While it’s a little off the Gringo’s usual blog theme of motorcycle trips, I thought I’d do a quick post about watching a shuttle launch. I am fortunate, through my freelance job as a news videographer, to occasionally be able to witness a launch up close and personal, from KSC’s press site, which is about three miles from the launch pads, I believe. For this most recent launch of Shuttle Endeavour, STS-130, at 4:14 am on February 8, I worked for CBS News. Working a “routine” shuttle launch for CBS, for me, entails having my camera ready to go live on the network should events warrant. At one time, CBS, NBC and ABC each had its own small building at the press site from which they covered launches and landings. As the years passed, and space travel became more “routine”–notwithstanding the occasional disaster–network interest in covering launches waned, with most relying on NASA’s multi-camera feed of each launch. CBS and NBC each maintain a small presence at each launch, while ABC relies on its local affiliate or brings in staff if events warrant. In fact, ABC tore down its building at the press site a few years ago due to mold issues, I believe, and now brings in trailers for its staff during special events.
As this was to be a nighttime launch–the last scheduled night launch of the shuttle program–I ensured that CBS’s small second-floor studio was lit properly (tungsten rather than daylight-balance lighting), and placed my camera on its tripod in the proper location, so that CBS space correspondent Bill Harwood would be sitting on the set with the launch pad over his left shoulder, ready to go live if necessary.
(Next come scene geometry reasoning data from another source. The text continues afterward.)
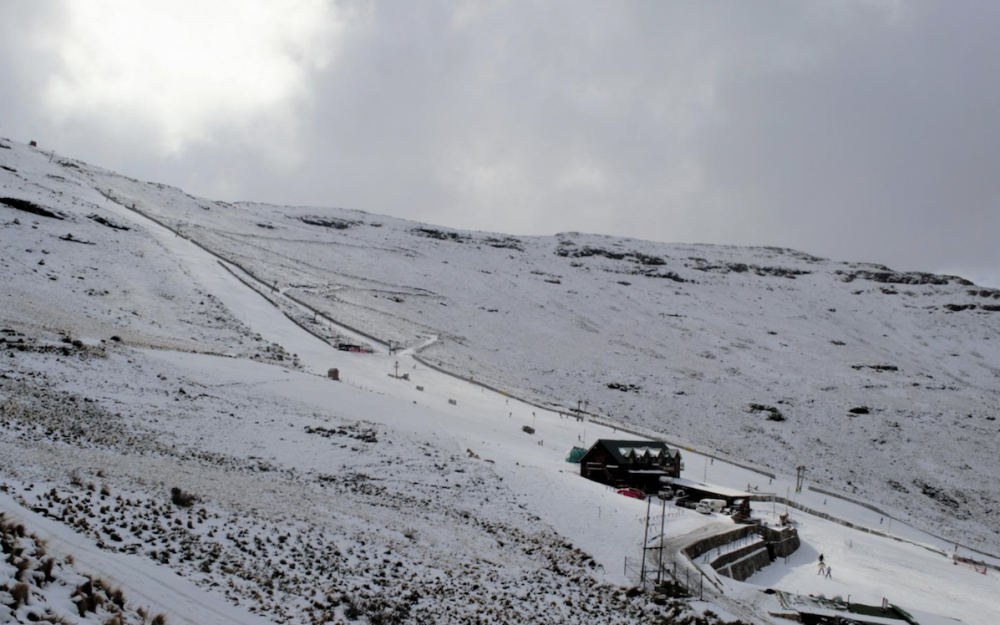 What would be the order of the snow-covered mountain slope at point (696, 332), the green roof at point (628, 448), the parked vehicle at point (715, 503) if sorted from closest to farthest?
1. the parked vehicle at point (715, 503)
2. the green roof at point (628, 448)
3. the snow-covered mountain slope at point (696, 332)

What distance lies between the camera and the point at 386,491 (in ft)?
82.2

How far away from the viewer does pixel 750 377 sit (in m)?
80.7

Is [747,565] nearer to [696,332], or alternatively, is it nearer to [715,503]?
[715,503]

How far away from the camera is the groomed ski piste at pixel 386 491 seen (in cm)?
1573

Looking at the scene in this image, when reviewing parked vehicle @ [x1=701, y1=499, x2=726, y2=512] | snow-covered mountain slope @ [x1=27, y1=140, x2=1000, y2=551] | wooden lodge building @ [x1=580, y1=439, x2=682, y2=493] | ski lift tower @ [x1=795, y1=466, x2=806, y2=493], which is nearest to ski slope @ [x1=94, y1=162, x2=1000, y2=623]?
ski lift tower @ [x1=795, y1=466, x2=806, y2=493]

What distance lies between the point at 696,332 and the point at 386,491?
84.2 m

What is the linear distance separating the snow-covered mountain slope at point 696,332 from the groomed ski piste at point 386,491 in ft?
39.0

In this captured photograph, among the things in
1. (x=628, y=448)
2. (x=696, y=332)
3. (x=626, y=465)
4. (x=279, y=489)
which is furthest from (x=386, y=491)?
(x=696, y=332)

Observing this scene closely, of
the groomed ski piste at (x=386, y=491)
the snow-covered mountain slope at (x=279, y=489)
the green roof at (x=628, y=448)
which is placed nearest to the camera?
the snow-covered mountain slope at (x=279, y=489)

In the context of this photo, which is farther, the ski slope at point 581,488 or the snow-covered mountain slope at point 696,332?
the snow-covered mountain slope at point 696,332

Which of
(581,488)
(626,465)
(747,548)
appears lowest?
(747,548)

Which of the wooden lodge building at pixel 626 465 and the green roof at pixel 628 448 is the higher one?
the green roof at pixel 628 448

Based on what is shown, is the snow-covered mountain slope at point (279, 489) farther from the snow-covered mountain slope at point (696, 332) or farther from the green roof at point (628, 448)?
the snow-covered mountain slope at point (696, 332)

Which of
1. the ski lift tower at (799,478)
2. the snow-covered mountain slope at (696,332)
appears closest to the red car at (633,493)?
the ski lift tower at (799,478) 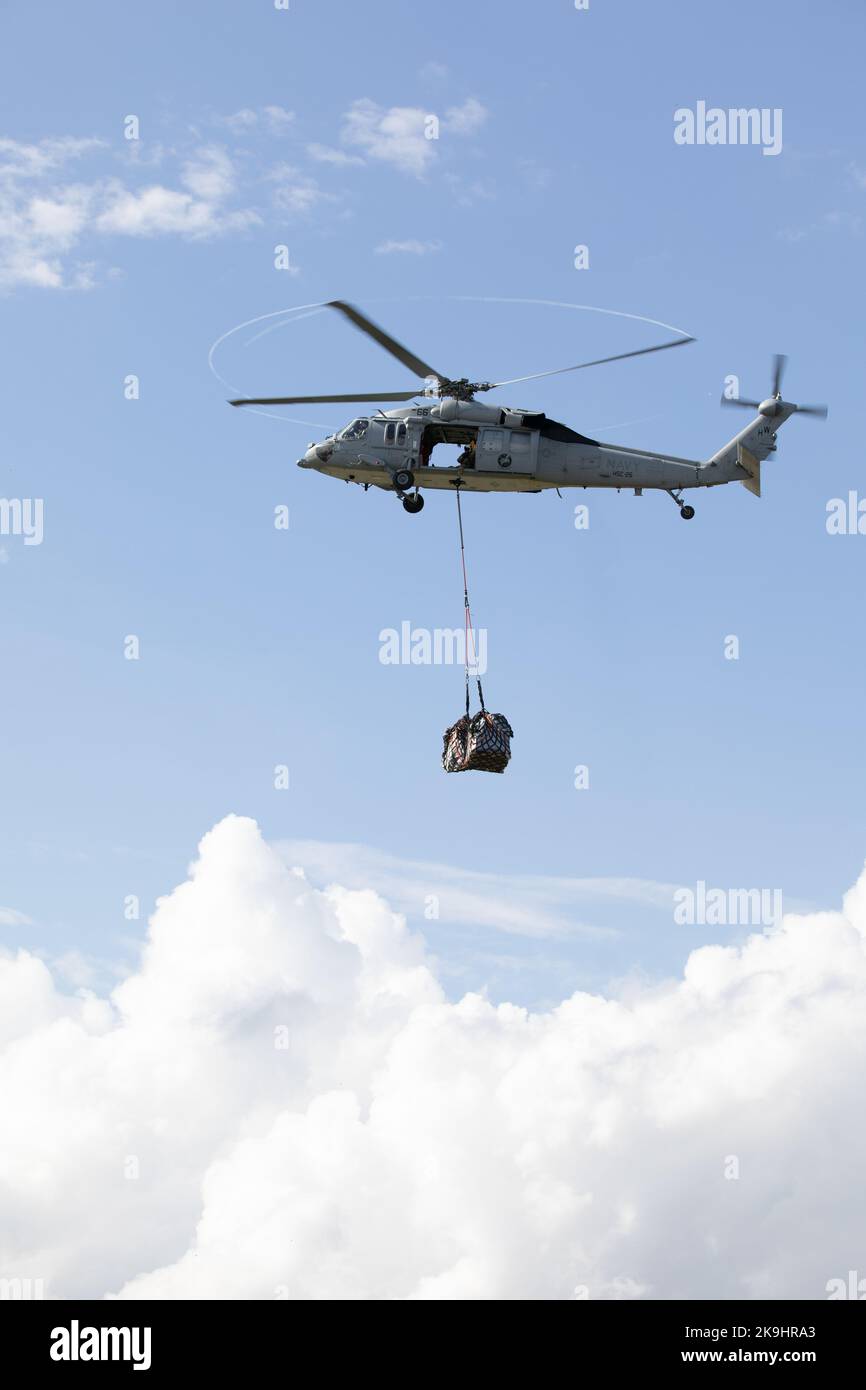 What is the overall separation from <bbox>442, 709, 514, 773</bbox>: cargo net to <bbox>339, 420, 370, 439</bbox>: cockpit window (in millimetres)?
10963

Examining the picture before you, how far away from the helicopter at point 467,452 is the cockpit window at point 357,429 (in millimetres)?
35

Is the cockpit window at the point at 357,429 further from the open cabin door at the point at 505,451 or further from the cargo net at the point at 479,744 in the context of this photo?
the cargo net at the point at 479,744

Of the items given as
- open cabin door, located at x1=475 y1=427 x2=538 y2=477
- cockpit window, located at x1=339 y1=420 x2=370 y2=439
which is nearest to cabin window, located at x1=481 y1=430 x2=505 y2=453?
open cabin door, located at x1=475 y1=427 x2=538 y2=477

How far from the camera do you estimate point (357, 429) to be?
64.2 metres

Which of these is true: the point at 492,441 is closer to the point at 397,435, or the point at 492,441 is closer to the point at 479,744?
the point at 397,435

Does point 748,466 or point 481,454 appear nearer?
point 481,454

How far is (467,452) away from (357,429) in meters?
4.00

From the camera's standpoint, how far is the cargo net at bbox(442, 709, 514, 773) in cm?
6012

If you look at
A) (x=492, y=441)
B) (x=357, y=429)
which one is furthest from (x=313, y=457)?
(x=492, y=441)

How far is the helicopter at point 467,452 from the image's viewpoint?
63.2m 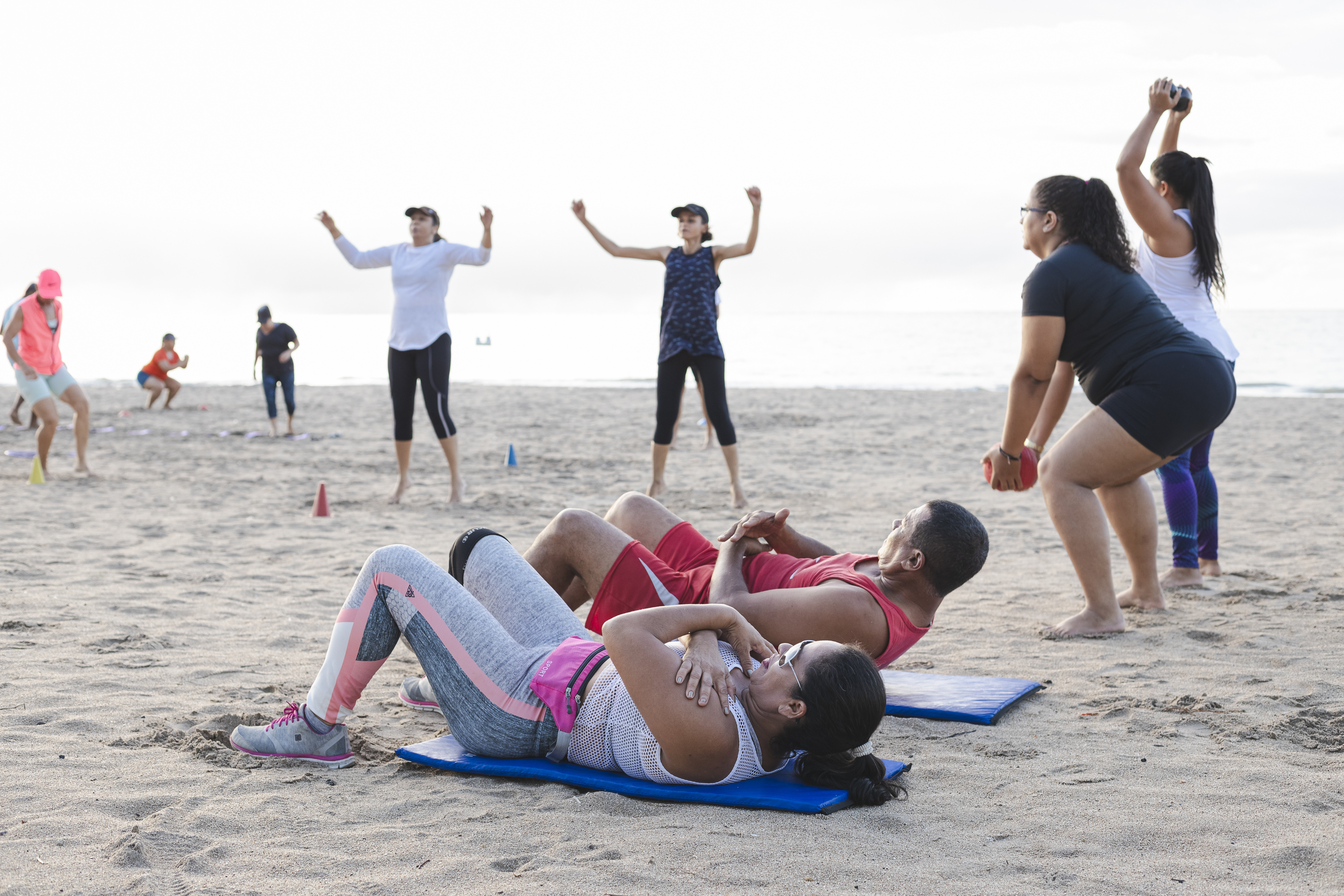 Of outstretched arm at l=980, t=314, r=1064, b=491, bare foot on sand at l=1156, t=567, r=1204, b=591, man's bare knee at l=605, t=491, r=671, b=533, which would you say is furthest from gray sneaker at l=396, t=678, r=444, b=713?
bare foot on sand at l=1156, t=567, r=1204, b=591

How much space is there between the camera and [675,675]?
98.3 inches

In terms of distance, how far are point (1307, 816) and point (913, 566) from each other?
1.12 m

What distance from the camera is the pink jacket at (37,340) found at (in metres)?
9.04

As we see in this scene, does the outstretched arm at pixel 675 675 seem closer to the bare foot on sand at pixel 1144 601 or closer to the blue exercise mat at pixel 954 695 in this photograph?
the blue exercise mat at pixel 954 695

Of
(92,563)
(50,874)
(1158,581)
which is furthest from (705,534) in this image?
(50,874)

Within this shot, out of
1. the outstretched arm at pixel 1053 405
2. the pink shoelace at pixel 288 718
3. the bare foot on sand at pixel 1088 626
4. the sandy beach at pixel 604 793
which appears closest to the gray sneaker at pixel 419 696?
the sandy beach at pixel 604 793

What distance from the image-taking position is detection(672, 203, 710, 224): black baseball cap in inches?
298

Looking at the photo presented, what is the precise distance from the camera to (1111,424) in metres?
4.29

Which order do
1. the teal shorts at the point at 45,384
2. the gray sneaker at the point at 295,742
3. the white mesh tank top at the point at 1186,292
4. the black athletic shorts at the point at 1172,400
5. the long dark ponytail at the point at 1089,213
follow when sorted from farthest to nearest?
the teal shorts at the point at 45,384
the white mesh tank top at the point at 1186,292
the long dark ponytail at the point at 1089,213
the black athletic shorts at the point at 1172,400
the gray sneaker at the point at 295,742

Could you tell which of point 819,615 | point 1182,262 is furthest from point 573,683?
point 1182,262

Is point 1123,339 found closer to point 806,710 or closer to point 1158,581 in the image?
point 1158,581

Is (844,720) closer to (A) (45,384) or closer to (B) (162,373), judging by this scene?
(A) (45,384)

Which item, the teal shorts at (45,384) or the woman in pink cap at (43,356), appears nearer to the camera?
the woman in pink cap at (43,356)

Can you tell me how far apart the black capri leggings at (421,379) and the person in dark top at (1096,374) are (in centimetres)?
436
Watching a launch from this close is truly incredible. Daytime launches are spectacular, nighttime launches more so. At liftoff, smoke clouds billow outward from the pad as intense flame shoots from the shuttle’s exhaust. The building shakes from the craft’s deep rumble. As the shuttle climbs, the sky and landscape become brighter and brighter, until briefly, night becomes day. The rumble continues, the building shakes, and the sky once again darkens as the shuttle makes its way into space, leaving its exhaust trail to float down and slowly dissipate in the darkness. No matter how many launches you’ve seen, no matter how long you’ve worked in news and how jaded you may think you are, it always takes your breath away.